Ülkemiz işçi emekçileri 2025'i emek yılı yapacak güce ve deneyime sahiptir!

Fotoğraf: Evrensel

Paylaş

Çalışma ve Sosyal Güvenlik Bakanı Vedat Işıkhan; salı günü saat 20.30’da toplanacak olan Asgari Ücret Tespit Komisyonunun (AÜTK) yapacağı toplantı için çağrıldı. Bakan Işıkhan toplantı için çağırıldığında mühimmat fabrikasındaki patlamayla ilgili gittiği Balıkesir’deydi. Çağrı üzerine alelacele Ankara’ya döndü. 20.30’da yapılacağı söylenen toplantıya yetişti!
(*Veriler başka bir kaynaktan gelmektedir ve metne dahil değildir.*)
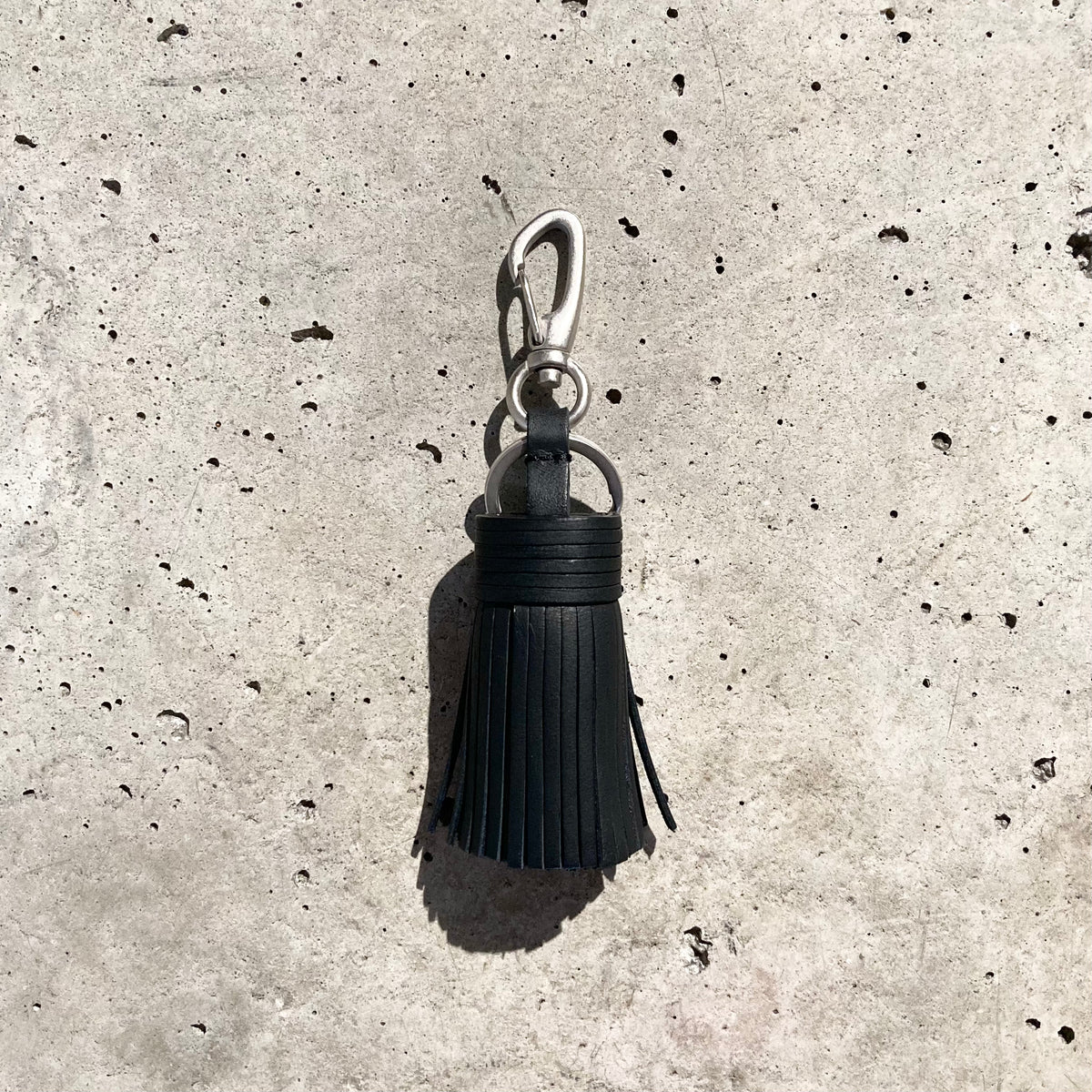 hobo レザー タッセル キーホルダー キーリング ブラック hobo 最大41%☆8/24まで セール30%OFF ホーボー キーホルダー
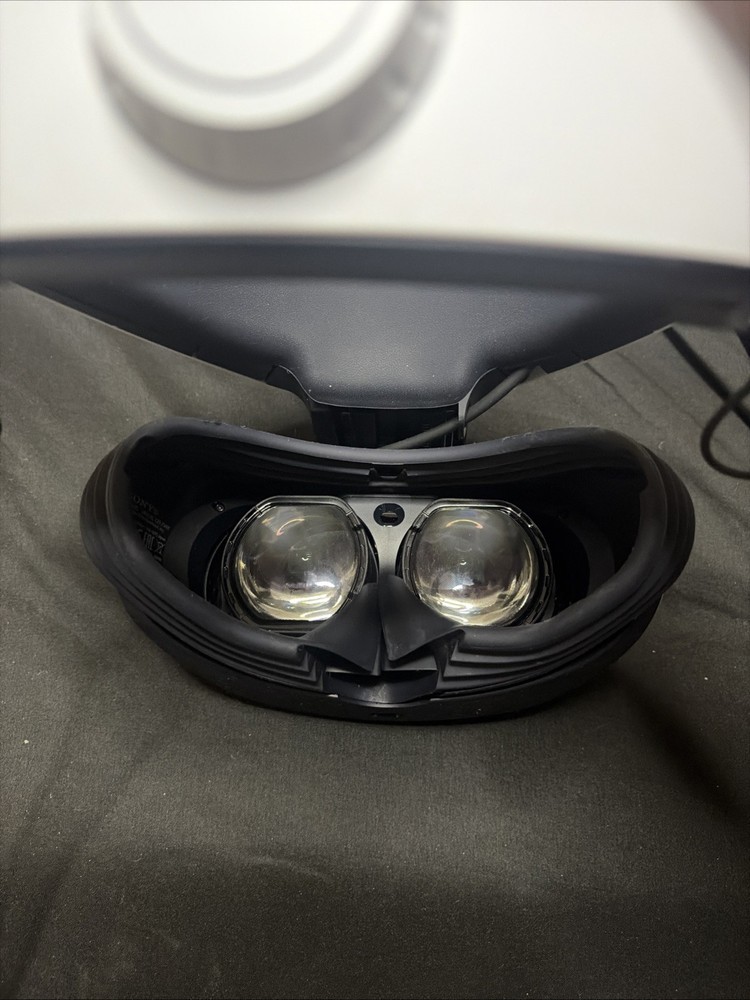 PSVR2 Virtual Reality Gaming Headset W/ Sense Controllers And Charging Stand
Bu toplantılara herkesi Işıkhan çağırırdı. Ama bu sefer toplantı çağrısının kim tarafından yapıldığı belirtilmiyordu. Bu olağanüstü toplantının nedeni de bilinmiyordu. Belki bakana ve patron temsilcilerine söylenmişti. Ama en azından AÜTK’nin bileşeni olan Türk-İş tarafından bilinmiyordu. Nitekim toplantının gerekçesi kendilerine söylenmediği için Türk-İş toplantıya katılmayı reddetmişti!

Bakan Işıkhan saati 20.30 olarak belirlenen toplantıya yetişmişti. Ama anlaşılan toplantı filan yapılmamıştı. Bakan 20.35’te kameralar önüne çıkarak herhalde eline tutuşturulan kağıdı okumuştu.
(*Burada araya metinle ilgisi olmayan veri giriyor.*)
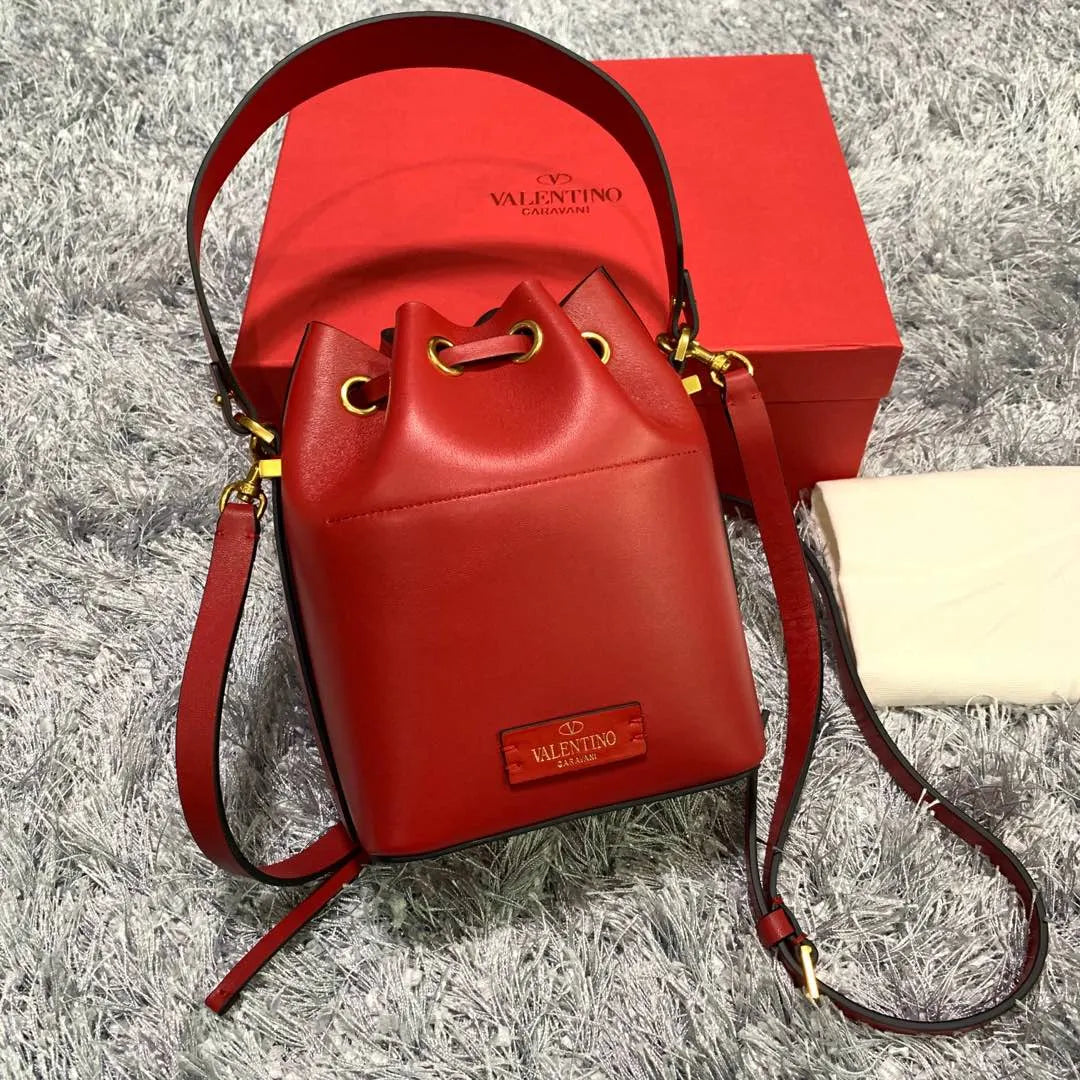 Valentino Red Bucket Bag - Hình 5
Bakan Işıkhan’ın okuduğu kağıttan, 2025 yılında uygulanacak asgari ücretin 22 bin 104 TL olduğunu öğrendik. Asgari ücrete yapılan zam oranı yüzde 30 imiş.

İktidar ve patronlar böylece son yerel seçimden beri uluslararası finans merkezleri ve IMF‘ye verdikleri “asgari ücrete yüzde 25-30 dolayında zam” sözünü yerine getirdi. Eylül 2024’te OVP’ye konulan “beklenen enflasyon endeksli zam” vaadine bile uyulmadı.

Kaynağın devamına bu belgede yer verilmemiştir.